Babaumma JAKARTA — Indeks Harga Saham Gabungan (IHSG) diproyeksikan akan melanjutkan tren pelemahan atau bearish pada pekan depan. Penurunan ini diperkirakan akan dipicu oleh gabungan sentimen dari ranah global maupun domestik yang saling berinteraksi.
Analisis yang disampaikan oleh Reza Diofanda dari BRI Danareksa Sekuritas menggarisbawahi bahwa tekanan terhadap IHSG masih konsisten, terbentuk dari kombinasi sentimen global dan domestik. “Proyeksi IHSG pekan depan menunjukkan bahwa pasar masih cenderung berada dalam fase konsolidasi dengan bias melemah atau bearish minor,” terang Reza pada Minggu (29/3/2026).
Reza menambahkan bahwa meskipun laporan keuangan emiten tahun 2025 menjadi salah satu katalis yang mendorong pergerakan pasar saham, pendorong utama IHSG saat ini justru berasal dari faktor eksternal. Secara spesifik, ketidakpastian seputar konflik di Timur Tengah masih menjadi perhatian utama. Ia menjelaskan, meskipun Amerika Serikat telah menunda rencana penyerangan hingga 6 April 2026 dan mengajukan 15 poin perdamaian, Iran belum memberikan respons. Bahkan, Iran masih membatasi akses ke Selat Hormuz, jalur vital bagi perdagangan global.
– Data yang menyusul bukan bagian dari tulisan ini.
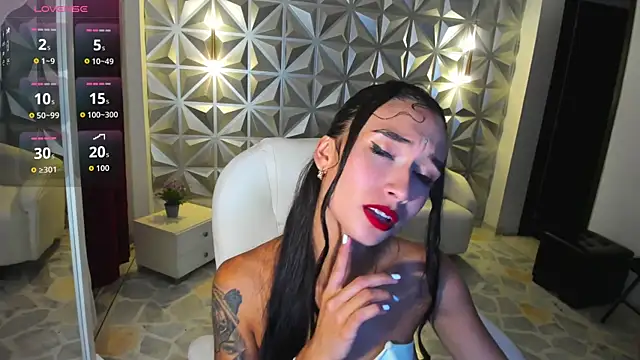 Snapshot of hellen_tease chatting on May 23, 12:31 pm hellen tease online show from May 23, 12:31 pm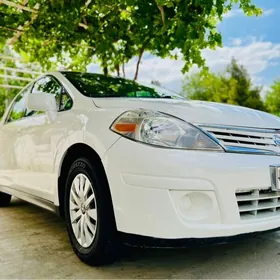 Nissan Versa 2011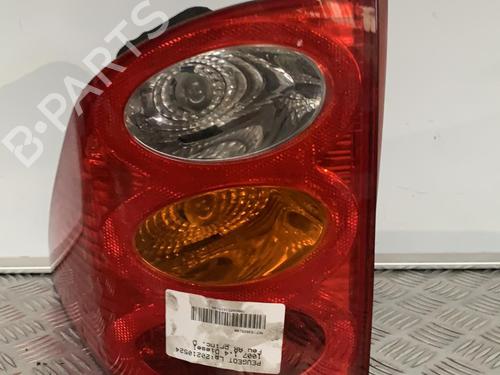Used Right taillight Right taillight PEUGEOT 1007 (KM_) 1.4 HDi (68 hp) 21704109 21704109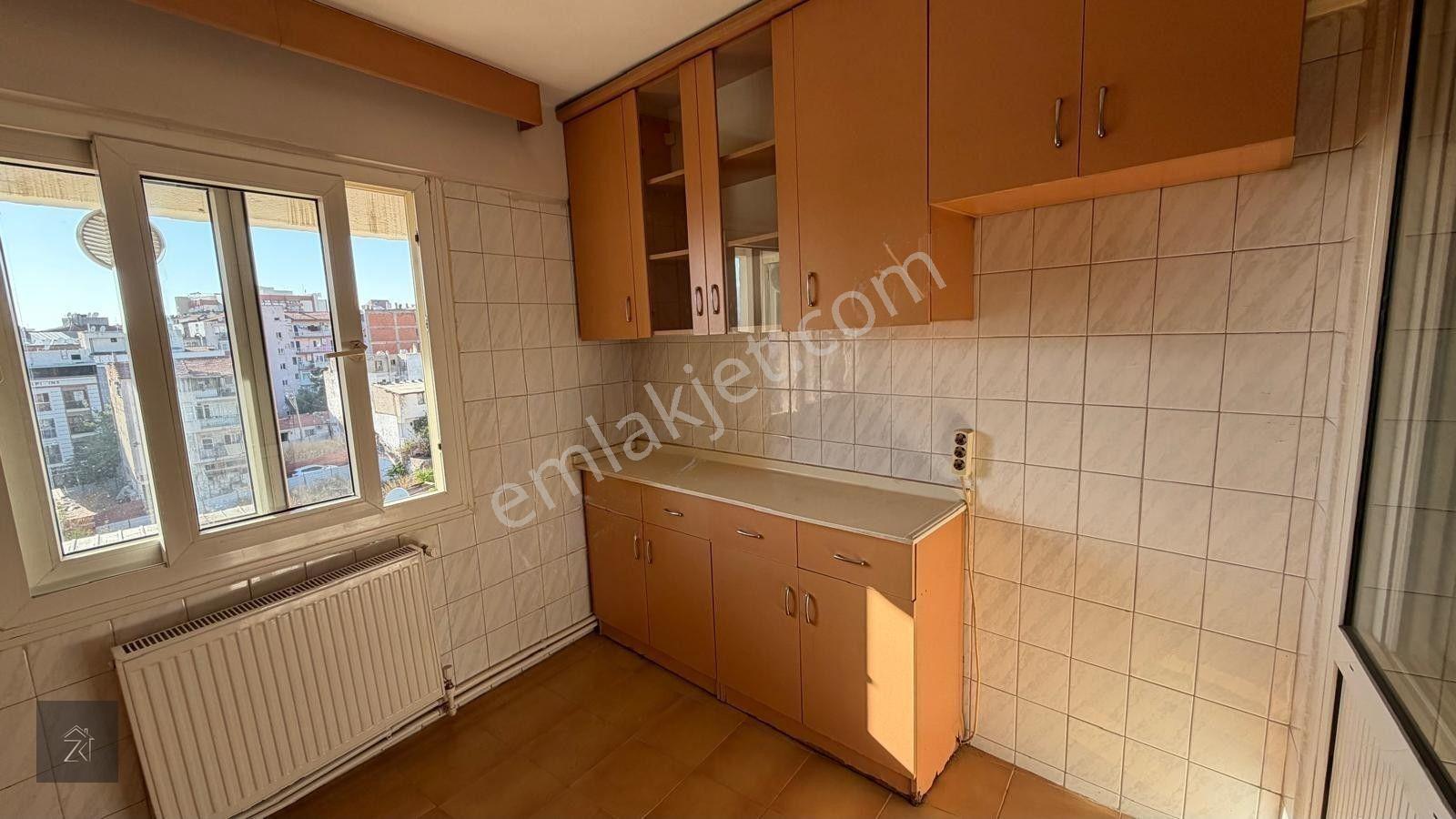 Karabağlar Vatan Mahallesinde 2+1 Geniş, Güneş Alan, Fırsat Satılık Daire — fotoğraf 23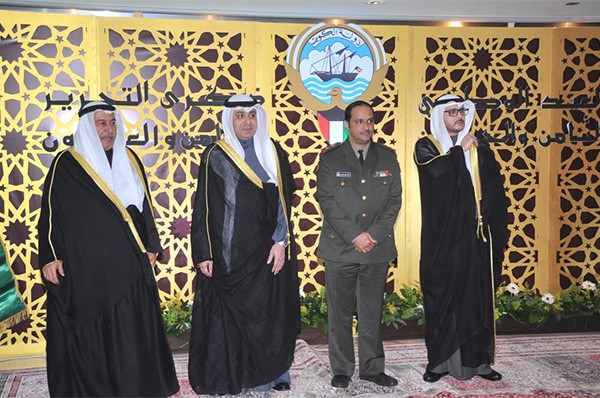 السفير صالح الذويخ والسفير أحمد البكر وأعضاء السفارة خلال استقبال ضيوف الحفل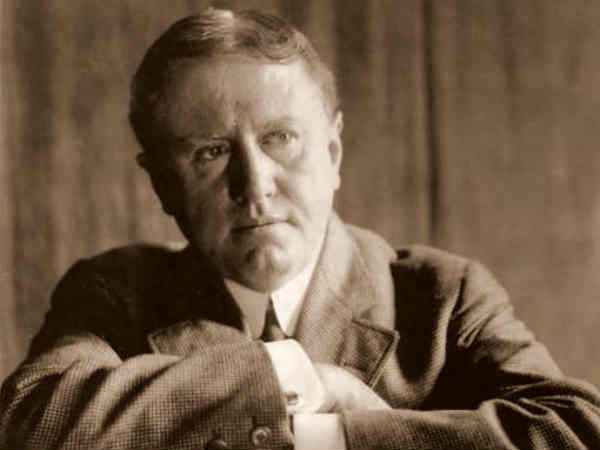 1904 में पहली बार प्रयोग किया गया 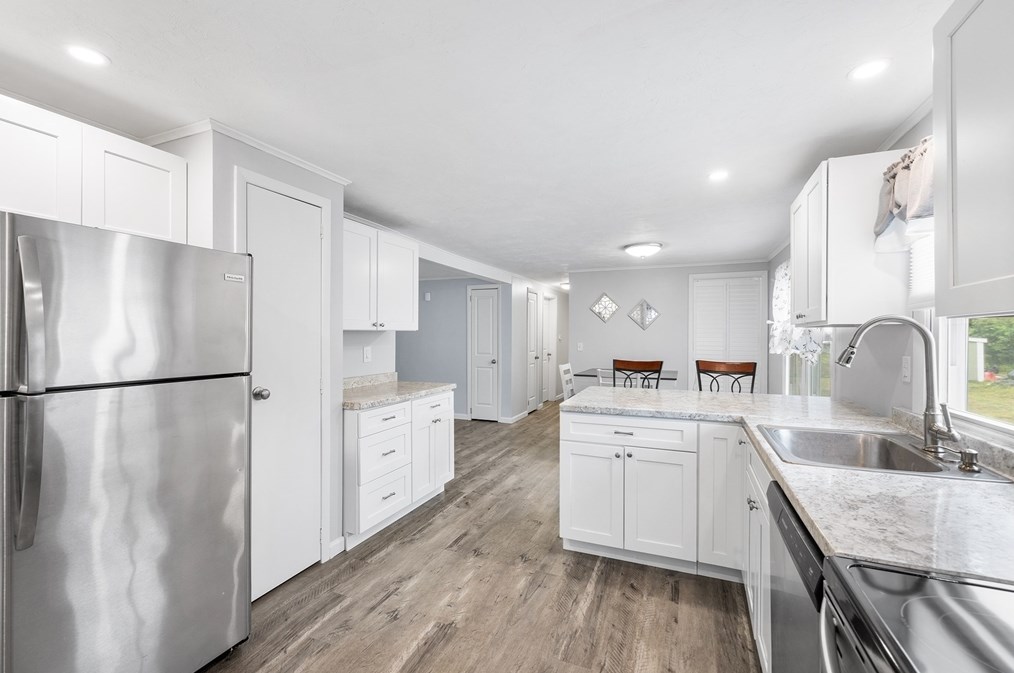 42 Kennedy Dr, Carver, MA 02330-1622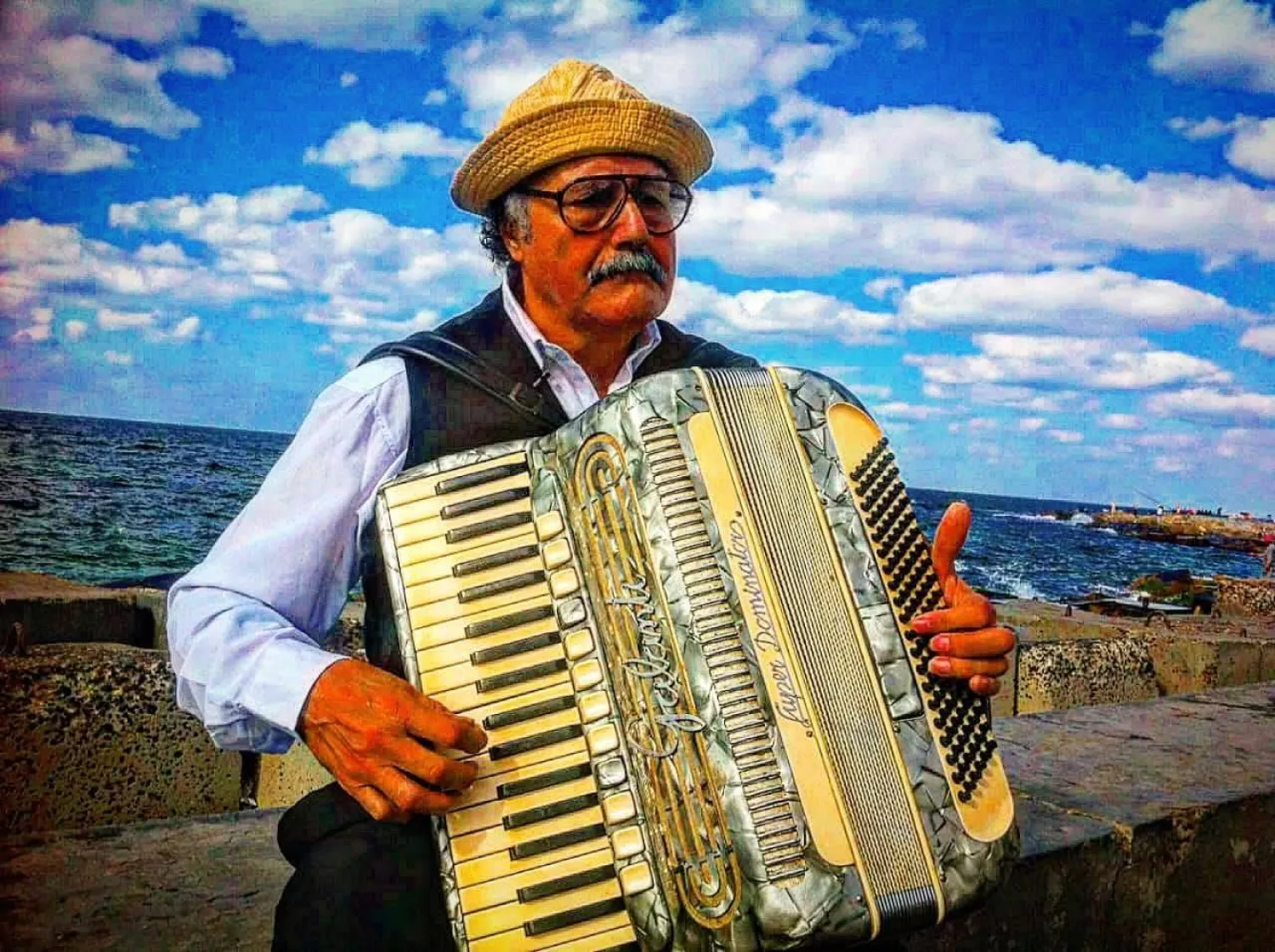 عمل فوتوغرافي ضمن المعرض للفنان أحمد راضي (الشرق الأوسط)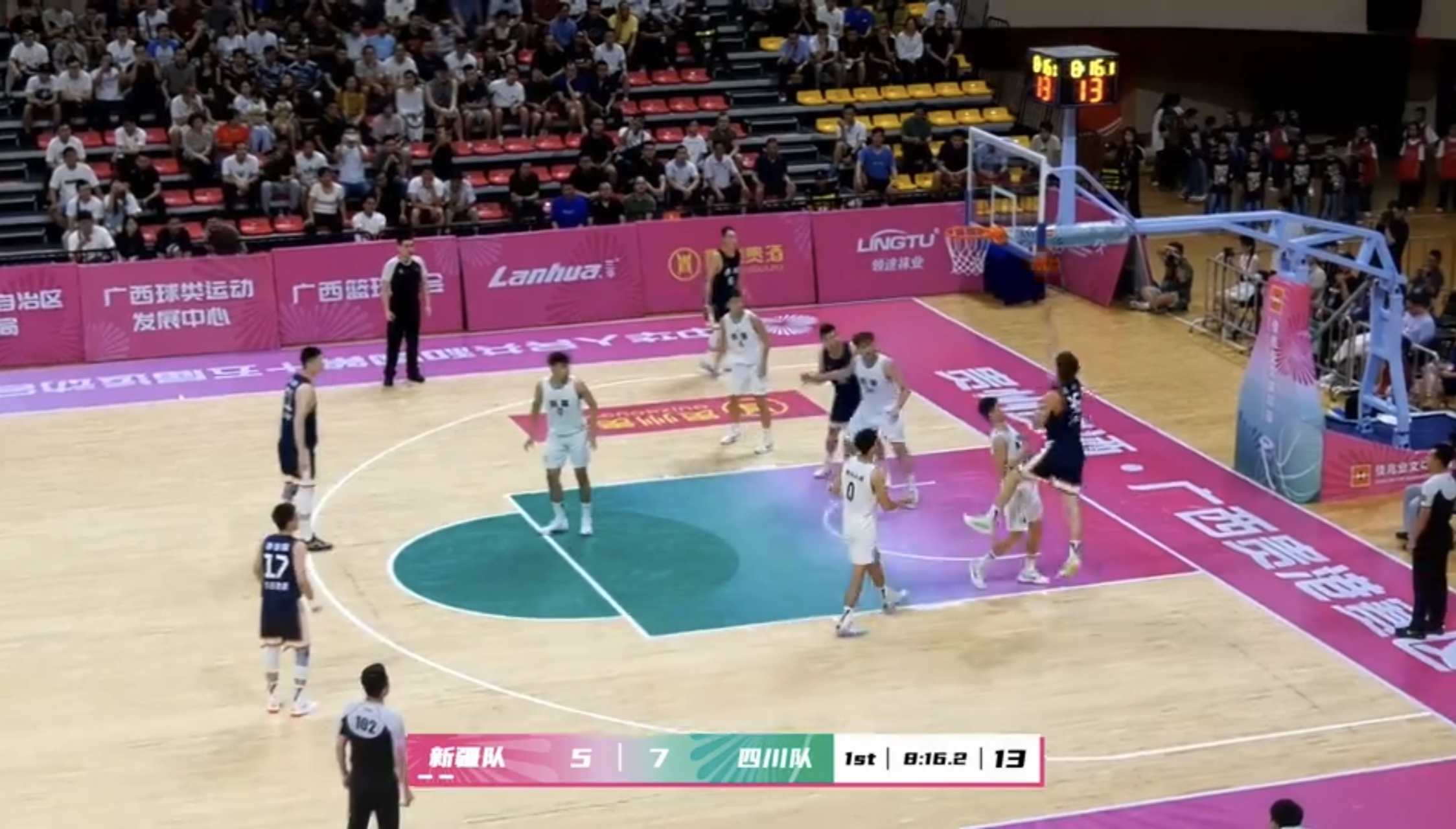 天津男篮大胜辽宁队,取得关键胜利 天津男篮大胜辽宁队,取得关键胜利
Situasi ini secara langsung mendorong lonjakan harga komoditas penting seperti minyak bumi dan batu bara, memicu kekhawatiran akan peningkatan inflasi global di masa mendatang.
Menyikapi pekan mendatang, Reza menggarisbawahi pentingnya beberapa rilis data ekonomi. Dari sisi global, investor perlu mencermati data Non-Farm Payrolls (NFP) dan Tingkat Pengangguran Amerika Serikat (AS). “Data tenaga kerja AS ini akan menjadi salah satu acuan krusial dalam menentukan arah kebijakan suku bunga The Fed ke depan,” tegasnya, mengingat dampaknya yang signifikan terhadap pasar finansial global.
Sementara itu, dari ranah domestik, beberapa data ekonomi yang patut diperhatikan adalah neraca perdagangan Indonesia yang diproyeksikan masih menunjukkan surplus. Selain itu, inflasi Maret 2026 diperkirakan akan meningkat ke kisaran 5%–5,4% secara tahunan. Kenaikan inflasi ini dipicu oleh momentum perayaan Lebaran, peningkatan konsumsi Bahan Bakar Minyak (BBM), serta kenaikan harga energi global akibat gangguan pasokan.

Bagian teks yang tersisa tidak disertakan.